“Saudi Arabia had long seen Morsi’s Muslim Brotherhood as a threat. After his ouster, it quickly pledged $5 billion (3.7 billion euros) in aid to Cairo, with Kuwait and the United Arab Emirates offering a combined $7 billion. King Abdullah also urged “brothers and friends to avoid meddling in Egypt’s internal affairs,” warning that harming Egypt would amount to “harming Islam, Arabism and Saudi Arabia.” The king appeared to be referring to Qatar, the only Gulf country to back Morsi, and whose relations with Saudi Arabia and most of its other neighbours in the region have been strained………….”
Saudi palace bureaucrats, with the help of the vastest and most expensive media oil money can buy, are trying to recreate the image of their king Abdullah. Even as the king is basking in the diversions of Morocco. (FYI: senior Saudi princes like to spend R&R in Morocco, it is a beautiful and relaxed country in which they often die).
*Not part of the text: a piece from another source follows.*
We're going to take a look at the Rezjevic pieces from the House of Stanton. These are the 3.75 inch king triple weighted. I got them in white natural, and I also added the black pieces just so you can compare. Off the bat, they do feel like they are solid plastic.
The palace minions and the vast controlled media have been trying to show their king as some kind of Wahhabi Pope, but nobody outside the Persian Gulf states is buying it. Actually very few outside Saudi Arabia are buying it, with the exception of Bahrain’s ruling family and some tribal Wahhabi liberals in one other Gulf GCC state (Hint: it is not Oman or Qatar or the UAE). As for the wider Arab world, nobody is buying it except for the Salafis whom I correctly consider to be a fifth column for the princes.
This week, the Saudi king, or maybe rather his palace minions, surprised General Al Sisi after his election victory (he got 97% of those who bothered to vote) by sending him a public congratulatory message that is also a combination road map and twenty-five year plan for Egypt. Basically telling him to keep good thing going. It was a backhanded congratulatory message: basically the old king, or his minions, told Al Sisi and the Egyptians what to do. In other words, the oil potentate effectively punked Generalissimo Field Marshal President Al Sisi. Talk about interference in the internal affairs of another sovereign country.
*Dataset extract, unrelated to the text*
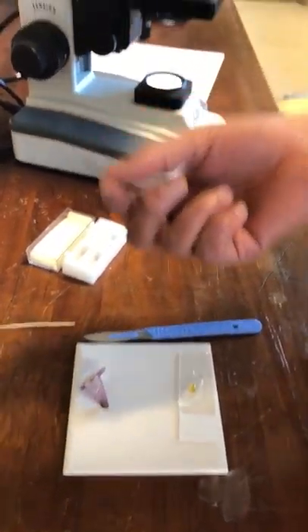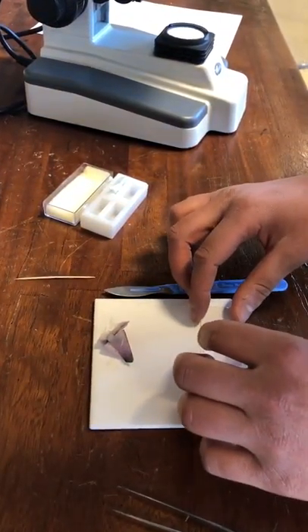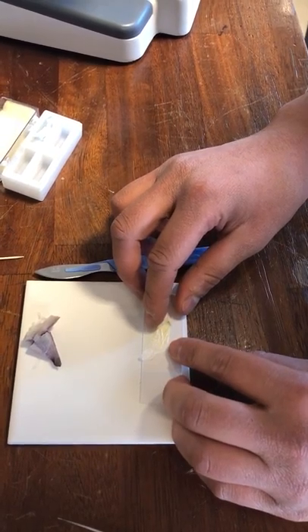Then get hold of your cover slip on the edge. Be really careful not to pick up more than one, because they are very thin. Hold it on the edge so you don't smother it in fingerprints, just drop that on top, and then very, very lightly press down.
The princes are also trying to pressure the
Qatari potentates into surrendering by abandoning their support for the
Muslim Brotherhood. Failing that, the King’s message also threatens to ‘excommunicate’ and expel Qatar from the GCC synods.
On the brighter side, the king called for a conference of all donor states to Egypt, presumably to drown the country with oil money, provided it continues to toe the Saudi line. As a down payment, 20 thousands heads of cattle arrived in Alexandria, with 80 thousand more to follow, gifts from the UAE rulers. The sheep and cows did not originate in the United Arab Emirates, but like almost everyone else in that country they were imported from elsewhere.